### Dataset section
# # # # # # #

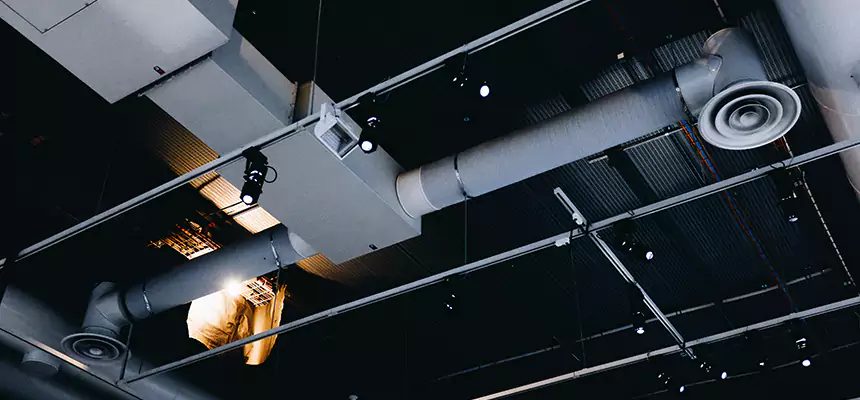 Our Air Duct Replacement Services in Coos Bay, OR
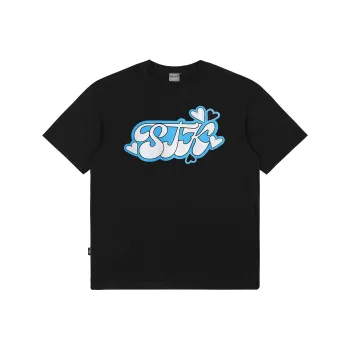 STK SMALL TOWN KID T Shirt Unisex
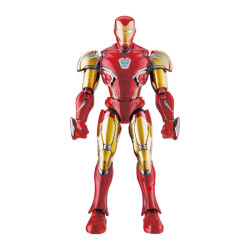Marvel Infinity Saga Champion Class 01 Iron Man MK85 Model Kits | Blokees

# # # # # # #

### About this exercise
Without changing a word, retype the data above and omit its pictures.

### Answer box
 Our Air Duct Replacement Services in Coos Bay, OR
 STK SMALL TOWN KID T Shirt Unisex
Marvel Infinity Saga Champion Class 01 Iron Man MK85 Model Kits | Blokees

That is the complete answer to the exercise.